Ketika kamu berbaring di tempat tidur malam hari, kamu mungkin mulai fokus pada pikiran-pikiran yang menekan yang tertahan sepanjang hari. Tanpa gangguan dari luar, sulit untuk mengendalikan pikiran yang berputar-putar dan bisa memicu kecemasan serta depresi. Meditasi tidur terpandu membantumu melepaskan pikiran yang berputar-putar, mengembalikan kesadaran ke momen saat ini, dan mengistirahatkan pikiranmu. Pada gilirannya, ini mengaktifkan sistem saraf parasimpatik yang membantu menurunkan detak jantung dan memperlambat pernapasan.

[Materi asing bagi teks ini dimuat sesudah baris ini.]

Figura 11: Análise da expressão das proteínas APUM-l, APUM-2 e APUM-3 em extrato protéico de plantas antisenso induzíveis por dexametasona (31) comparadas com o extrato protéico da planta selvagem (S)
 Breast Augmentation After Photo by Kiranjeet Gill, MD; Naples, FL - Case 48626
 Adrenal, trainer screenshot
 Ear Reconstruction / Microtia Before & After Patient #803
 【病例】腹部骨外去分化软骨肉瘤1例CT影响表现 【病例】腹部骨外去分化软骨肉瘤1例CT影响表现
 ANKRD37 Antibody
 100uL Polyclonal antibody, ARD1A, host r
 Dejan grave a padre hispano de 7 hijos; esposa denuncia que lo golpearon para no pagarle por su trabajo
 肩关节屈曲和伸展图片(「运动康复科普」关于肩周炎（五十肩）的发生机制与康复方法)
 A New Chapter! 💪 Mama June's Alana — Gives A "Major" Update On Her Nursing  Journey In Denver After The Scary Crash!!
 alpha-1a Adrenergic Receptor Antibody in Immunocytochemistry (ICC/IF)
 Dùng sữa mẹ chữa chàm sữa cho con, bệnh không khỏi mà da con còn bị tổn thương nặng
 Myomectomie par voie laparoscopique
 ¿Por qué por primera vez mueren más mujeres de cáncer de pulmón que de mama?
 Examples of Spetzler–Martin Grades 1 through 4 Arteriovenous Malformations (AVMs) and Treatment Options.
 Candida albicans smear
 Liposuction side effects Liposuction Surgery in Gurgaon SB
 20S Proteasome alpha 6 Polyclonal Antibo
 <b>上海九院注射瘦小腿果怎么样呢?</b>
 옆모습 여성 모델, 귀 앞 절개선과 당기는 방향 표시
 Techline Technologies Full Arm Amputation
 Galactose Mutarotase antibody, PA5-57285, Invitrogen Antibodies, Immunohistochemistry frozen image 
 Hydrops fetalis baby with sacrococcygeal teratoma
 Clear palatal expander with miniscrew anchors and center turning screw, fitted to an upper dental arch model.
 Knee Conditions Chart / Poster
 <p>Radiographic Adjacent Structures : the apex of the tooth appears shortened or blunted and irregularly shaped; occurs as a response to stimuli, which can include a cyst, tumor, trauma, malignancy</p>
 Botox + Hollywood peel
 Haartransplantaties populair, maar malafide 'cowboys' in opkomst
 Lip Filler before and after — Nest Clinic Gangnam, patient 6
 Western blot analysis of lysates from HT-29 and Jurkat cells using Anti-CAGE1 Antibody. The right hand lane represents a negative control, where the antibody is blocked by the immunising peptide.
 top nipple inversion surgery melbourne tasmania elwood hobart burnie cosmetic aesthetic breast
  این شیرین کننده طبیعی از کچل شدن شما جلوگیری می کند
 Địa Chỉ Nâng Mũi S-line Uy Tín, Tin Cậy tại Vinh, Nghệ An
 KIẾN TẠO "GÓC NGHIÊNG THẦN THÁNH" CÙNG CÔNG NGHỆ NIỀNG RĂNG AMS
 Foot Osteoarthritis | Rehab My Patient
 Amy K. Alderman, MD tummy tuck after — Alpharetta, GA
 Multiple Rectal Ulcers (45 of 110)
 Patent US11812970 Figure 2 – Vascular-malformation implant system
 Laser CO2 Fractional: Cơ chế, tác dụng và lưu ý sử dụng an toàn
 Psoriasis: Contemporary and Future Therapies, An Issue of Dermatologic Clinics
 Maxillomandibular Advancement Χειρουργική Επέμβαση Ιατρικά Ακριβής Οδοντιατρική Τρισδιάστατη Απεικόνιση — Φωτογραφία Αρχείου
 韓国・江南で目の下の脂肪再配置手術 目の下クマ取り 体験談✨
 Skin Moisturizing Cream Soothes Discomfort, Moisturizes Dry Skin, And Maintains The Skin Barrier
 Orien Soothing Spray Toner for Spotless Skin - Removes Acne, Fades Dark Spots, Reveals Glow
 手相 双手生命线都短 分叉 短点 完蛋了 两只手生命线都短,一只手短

Semua perubahan ini mempersiapkan tubuhmu untuk tidur. Kamu mungkin juga akan merasakan manfaatnya di siang hari, karena kualitas tidur malam memengaruhi bagaimana perasaanmu keesokan harinya.
Apa Kata Penelitian?
Menurut American Sleep Association, sekitar 30 persen orang dewasa mengalami masalah insomnia jangka pendek, dan sekitar 10 persen mengalami kesulitan kronis untuk tertidur maupun tetap tidur. Selain itu, sekitar sepertiga orang dewasa melaporkan biasanya tidur kurang dari tujuh jam per malam. Mengingat orang dewasa membutuhkan 7-9 jam tidur untuk berfungsi optimal, dan remaja bahkan membutuhkan lebih banyak lagi (8-10 jam), tidak mengherankan jika berbagai metode untuk meningkatkan kualitas tidur semakin dikenal luas. Sebuah studi tahun 2015 menunjukkan bahwa meditasi kesadaran (mindfulness) lebih efektif meningkatkan kualitas tidur dibandingkan intervensi sleep hygiene pada 49 orang dewasa lanjut usia. Studi tersebut juga menemukan bahwa efek pada kualitas tidur ini turut berdampak pada masalah di siang hari, dengan penurunan tingkat kelelahan dan depresi. Meski ini masih studi awal berskala kecil, temuan tersebut menunjukkan bahwa menerapkan meditasi tidur terpandu bisa jadi lebih efektif dibandingkan praktik sleep hygiene saja, seperti tidur pada jam yang konsisten setiap malam atau menghindari gawai sebelum tidur.